Repository files navigation

Iterator Library for Go

This library provides a powerful and flexible generic iterator system for Go. It enables functional-style iteration, transformation, and aggregation of collections. It is inspired by the iterator protocols found in Python and Rust.


Table of Contents

  1. Installation
  2. Usage
  3. Features
  4. API Reference
  5. Examples
  6. Performance & Benchmarks
  7. Contributing
  8. License

Installation

go get -u github.com/amjadjibon/itertools

Usage

Here's a simple example to get you started.

package main

import (
    "fmt"
    "github.com/amjadjibon/itertools"
)

func main() {
    // Create an iterator from a slice
    iter := itertools.ToIter([]int{1, 2, 3, 4, 5})
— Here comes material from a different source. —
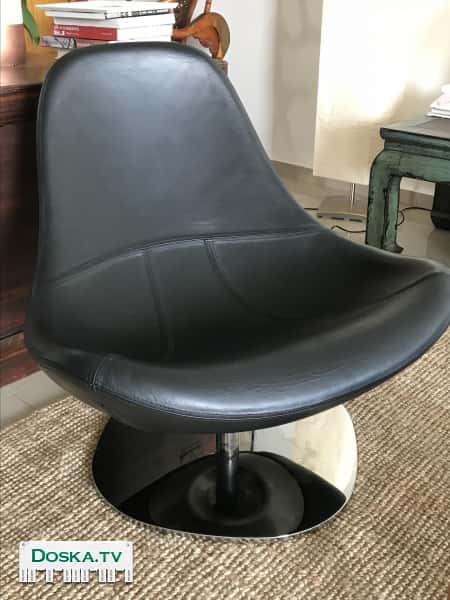 Кресло врашающееся, обивка-натуральная кожа, в прекрасном состоянии.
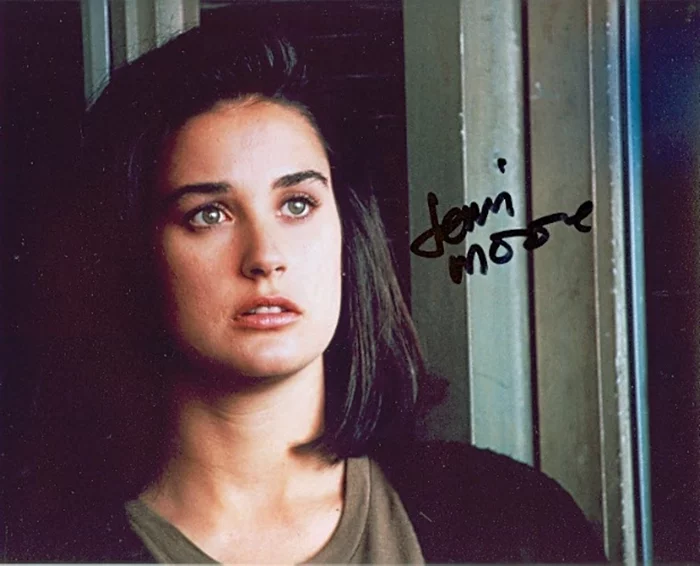 Demi Moore autograph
    // Filter even numbers, map them to their squares, and collect the result
    result := iter.Filter(func(x int) bool { return x%2 == 0 }).
        Map(func(x int) int { return x * x }).
        Collect()

    fmt.Println(result) // Output: [4, 16]
}

Features

  • Chainable API: Combine transformations like Filter, Map, Take, and Drop into one functional-style chain.
  • Laziness: Iterators are lazy; they only compute elements as needed.
  • Stream Support: Create iterators from channels, io.Reader, generators, and custom functions.
  • Context Support: Built-in context support for cancellable stream operations.
  • Composable: Supports operations like Zip, Chain, Union, Intersection, Difference, and Flatten.
  • Collection Methods: Collect items into slices, count them, partition them, and more.
  • Generalized Iterators: Supports all types, as it uses Go's generics.
  • Multiple Data Transformations: Sort, shuffle, reverse, compact, and manipulate iterator contents.

API Reference

Creating an Iterator

  1. From Slice

    iter := itertools.ToIter([]int{1, 2, 3, 4})
  2. Custom Sequences

    iter := itertools.NewIterator(1, 2, 3, 4)
  3. Repeated Values

    iter := itertools.Repeat(42, 5)
  4. Cycle

    iter := itertools.NewIterator(1, 2, 3).Cycle()

Stream Sources

Create lazy iterators from various stream sources:

Function Description
FromChannel(ch) Create iterator from a channel (consumes until closed)
FromChannelWithContext(ctx, ch) Channel iterator with cancellation support
FromReader(r) Create iterator from io.Reader (reads lines)
FromReaderWithContext(ctx, r) Reader iterator with cancellation support
FromCSV(r) Create iterator from CSV reader (yields []string rows)
FromCSVWithContext(ctx, r) CSV iterator with cancellation support
FromCSVWithHeaders(r) CSV iterator with header support (returns CSVRow)
FromCSVWithHeadersContext(ctx, r) CSV with headers and cancellation
FromFunc(fn) Create iterator from a generator function
FromFuncWithContext(ctx, fn) Generator with cancellation support
Range(start, end) Yields integers from start to end (exclusive)
RangeStep(start, end, step) Range with custom step size
Generate(fn) Infinite iterator by repeatedly calling function
GenerateWithContext(ctx, fn) Infinite generator with cancellation

Examples:

// From channel
ch := make(chan int)
go func() {
    for i := 0; i < 10; i++ {
        ch <- i
    }
    close(ch)
}()
iter := itertools.FromChannel(ch)
result := iter.Filter(func(x int) bool { return x%2 == 0 }).Collect()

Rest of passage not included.